Open NKSagarReddy opened 1 year ago
I would like to upvote this, @dilinwang820 could you please suggest how to evaluate the results from the paper mentioned in Table 13?
In the paper at the 18th page one may see the Architecture configuration of the A1-A4 models, but there are only MBConv-1 to MBConv-3 configurations, what are the MBConv-4-5-6-7 as it is written in the misc/config.py
Maybe @ChengyueGongR @dilinwang820 @endernewton @stephenyan1231 @yuandong-tian could help us with this issue?
We would like to verify the results from the paper. Thank you
Hello, my appologies, I totally missed this thread. Each checkpoint in the table is a subnet of the supernet, with that said, there're no additional weights needed for the checkpoints above. Would you be able to slice a checkpoint from the supernet shared in the repo?
@dilinwang820 thanks for the responce.
I am unable to slice a NASViT-A1, A2, A3, A4 mentioned in the paper (last page) from the supernet.
In the paper there is information only about the MBConv-1
, 2, 3 (supernet_config.mb1
, 2, 3).
But in the code there are configuration named supernet_config.mb4
, 5, 6, 7.
What is the expansion ratios, depth values, for those 4-7 MBConvs in order to instantiate the NASViT-A1, A2, A3, A4 models?
Could you please provide the full configuration for them?
In the paper you have mentioned Transformer-4-7 blocks configuration, but it is impossible to set them in the code, there are only _C.supernet_config.mb#
blocks configuration that one may set to sample a network.
Hi, for the transformer blocks, instead of sample an active subnet, we dynamically masking the upsampled channels in the inference network. In order to get the exact active subnet, you should define the sub transformer net and load the weights on your own. For the mobile network blocks, we name all these blocks 'mb' instead of 'transformer' which may make you confused. If you open our checkpoints, from block.20
, there are transformer layers, the sampling rule is the same as mb
blocks and the hyper-parameters (d
, w
) are the same and we ignore ks
for transformer blocks.
Could you please verify what is the required expand_ratio and depth are needed to instantiate e.g. NASViT-A1?
Specifically parameters choice for A1
supernet_config.mb4.d
supernet_config.mb5.d
supernet_config.mb6.d
supernet_config.mb7.d
supernet_config.mb4.t
supernet_config.mb5.t
supernet_config.mb6.t
supernet_config.mb7.t
Because in the paper you mentioned that expand_ratio for the transformers blocks 4-7 are 1, but in the supernet design space one can only select [4, 5, 6] for mb4, mb5 and only [6] for mb6, mb7.
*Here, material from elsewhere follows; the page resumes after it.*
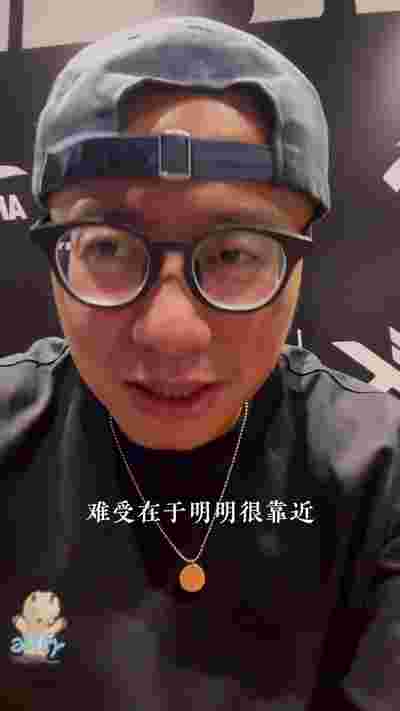 猛龙主场迎战步行者，西亚卡姆再创佳绩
And if instantiate the model with such configuration the acc1 is 2.154 % and flops count is 188.37384. In the paper you have mentioned that A1 should have acc1 of 79.7 % and flops = 309
{'net_id': 'a1', 'mode': 'evaluate', 'epoch': -1, 'acc1': 2.154, 'acc5': 6.63, 'loss': 9.328627667541504, 'flops': 188.37394000000003, 'params': 7.722412, 'resolution': 192, 'width': [16, 16, 24, 32, 64, 112, 160, 216, 1792], 'kernel_size': [3, 3, 3, 3, 3, 3, 3], 'expand_ratio': [1, 4, 4, 1, 1, 1, 1], 'depth': [1, 3, 3, 4, 3, 3, 3]}
Thank you
Hi, due to the transformer block design, for example, transformer-7 contains few transformers and one additional MB-block to change width. Therefore, the expand ratio 1 is for these transformers, while in the supernet design space one can only select [4, 5, 6] for mb4, mb5 and only [6] for mb6, mb7
is for the one additional MB-block, for this block, the expand ratio is constrained while the transformer block expand ratio is by default set to 1, therefore, you do not need to control the transformer layers expand ratio with the hyper-parameter configs.
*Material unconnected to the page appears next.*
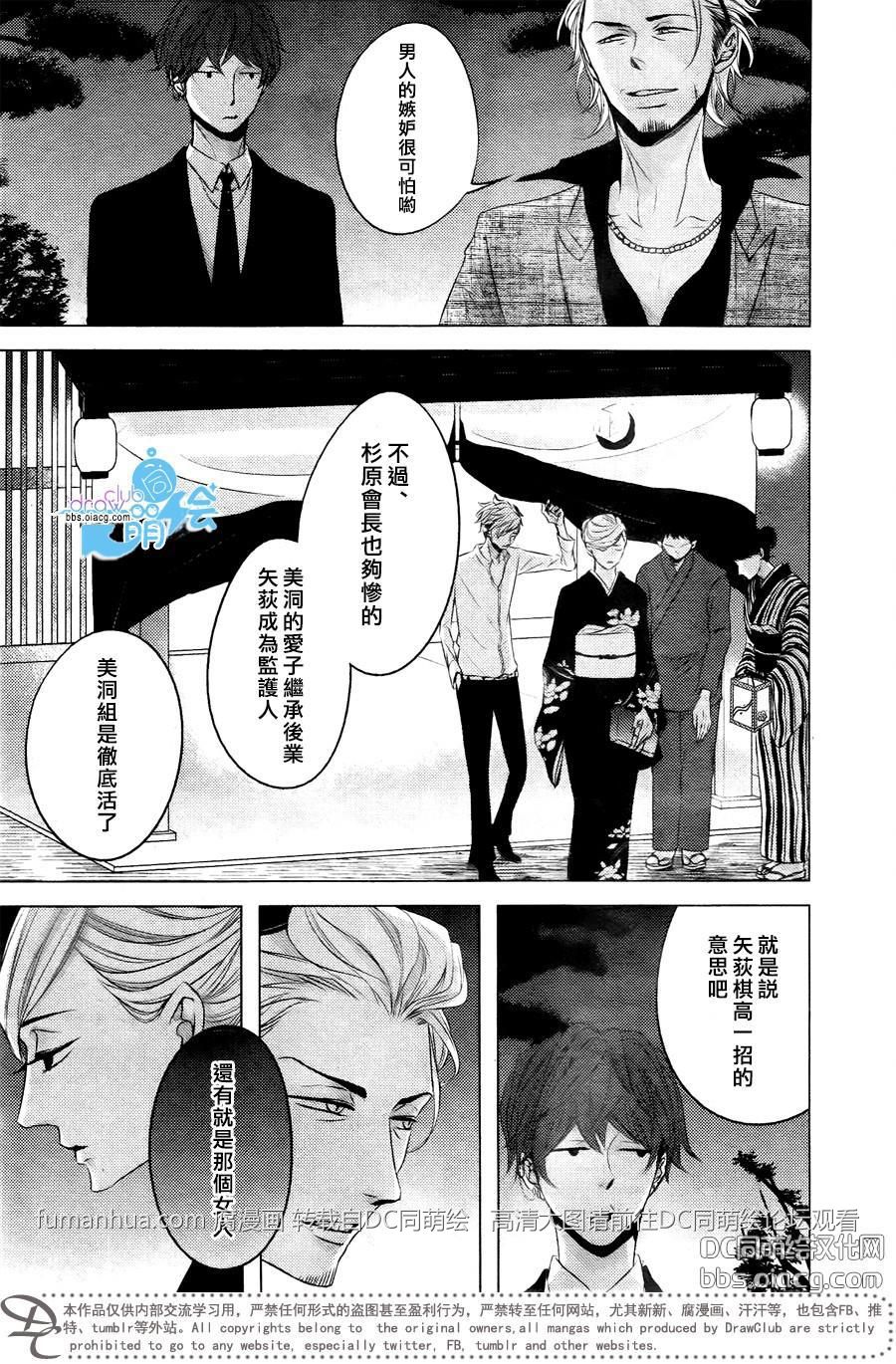 《赤与黑》漫画最新章节 第3话 免费下拉式在线观看章节第【8】张图片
For the accuracy issue, could you first try the attentive_nas_eval.validate' function in
main.py' to see whether this is an issue for the checkpoint or the sampling function. Thanks.
Hi, Thank you for your work! I am trying to reproduce some of the results mentioned in the paper, could you please share the NASVIT (A0-A5) checkpoints as well?